Caption-style text data:
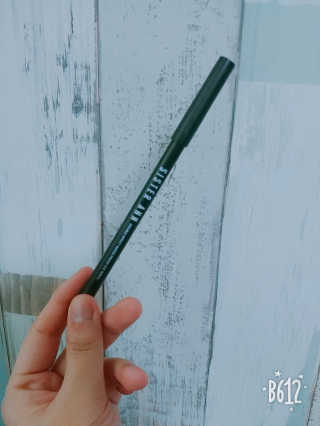 씨스터앤 더블이펙트 워터푸르프 아이펜슬 6종 택1 — 4.67점을 준 리뷰어가 2018년 4월 올린 사용 사진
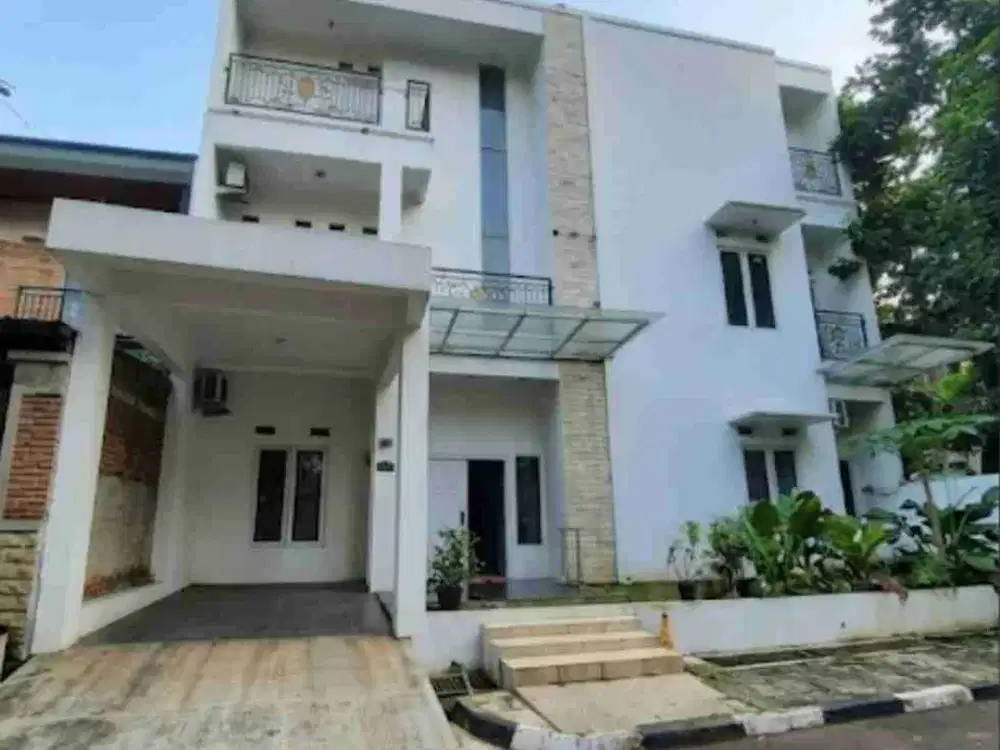 Rumah 3 lantai asri di hook, siap huni dalam Cluster Graha Ray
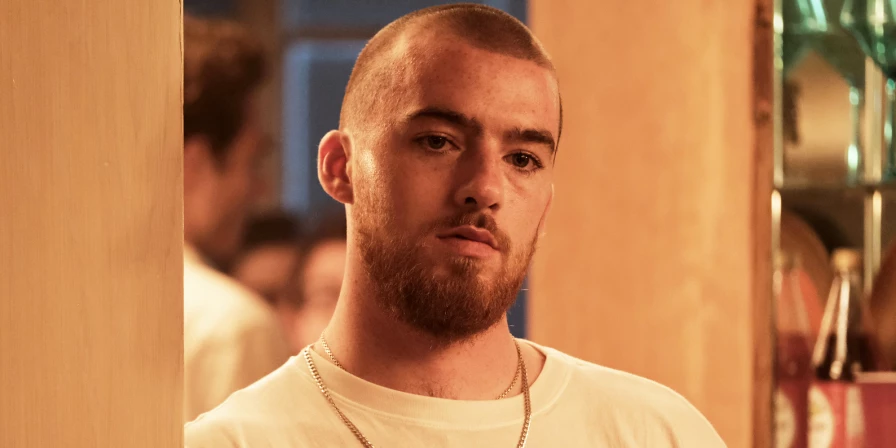 Angus Cloud morreu nesta segunda-feira (31).
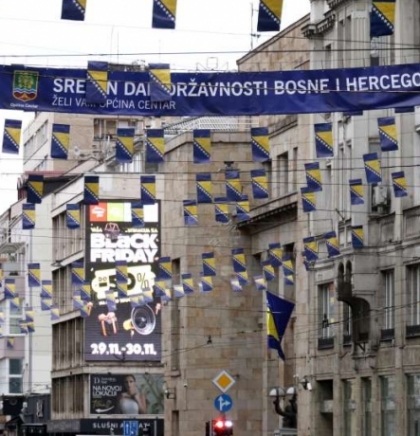 Počelo dekorisanje sarajevskih ulica povodom Dana državnosti BiH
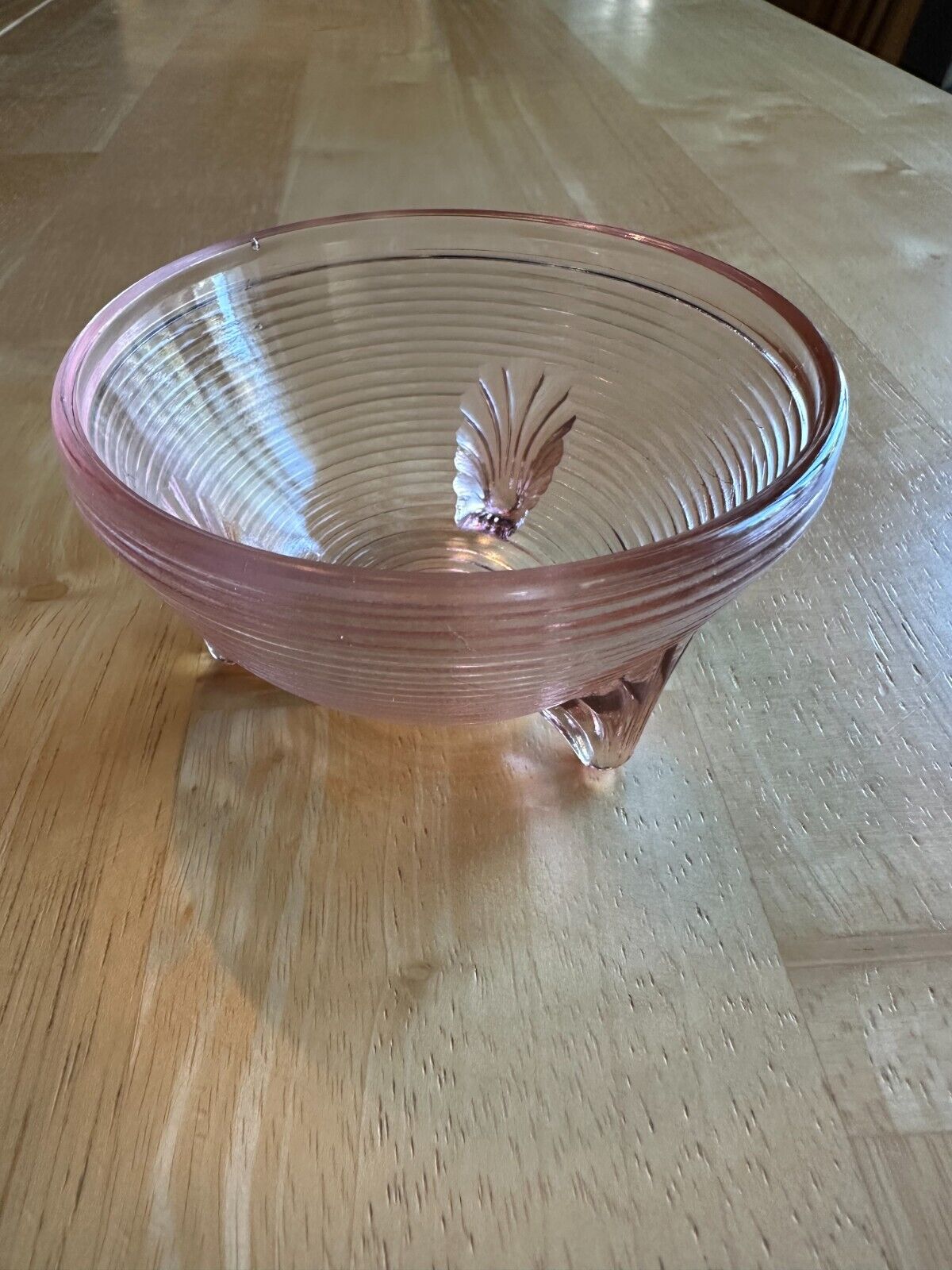 Cute Manhattan Pink Depression Glass Bowl 3 Footed Anchor Hocking? 3½\
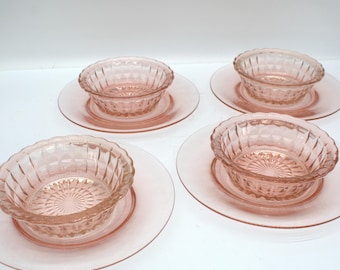 Cristal rosa de la época de la depresión / Cuencos para postre, frutos rojos y compota de manzana / Juego de 4 / Diseño cubista / Platos para helado / Cocina vintage / Plato base para pan
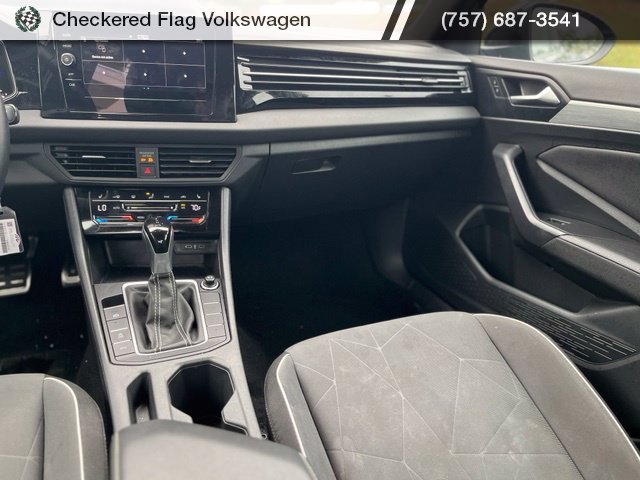 Used 2025 Volkswagen Jetta Sport FWD image 29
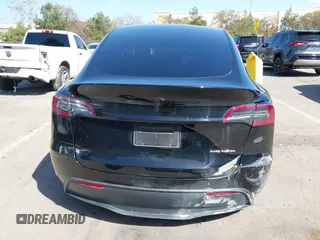 2024 Tesla Model Y Long Range z VIN 7SAYGDEE0RF078242, wystawiony jako IAAI lot #41808826 z przebiegiem 59 581 mil mil oraz . Historia ofert i sprzedaży dostępna na DreamBid. Obrazek 17.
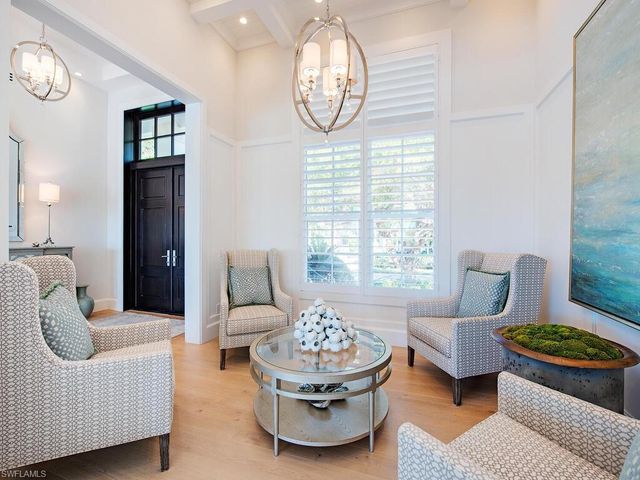 440 Spring Line DR, Naples, FL 34102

• WHAT THIS TASK INVOLVES:
The lines to copy exactly start with the line above that has "Cute Manhattan Pink" and go on through the line that has "Used 2025 Volkswagen"; please include both, add nothing else, and omit the pictures.

• TASK ANSWER:
 Cute Manhattan Pink Depression Glass Bowl 3 Footed Anchor Hocking? 3½\
 Cristal rosa de la época de la depresión / Cuencos para postre, frutos rojos y compota de manzana / Juego de 4 / Diseño cubista / Platos para helado / Cocina vintage / Plato base para pan
 Used 2025 Volkswagen Jetta Sport FWD image 29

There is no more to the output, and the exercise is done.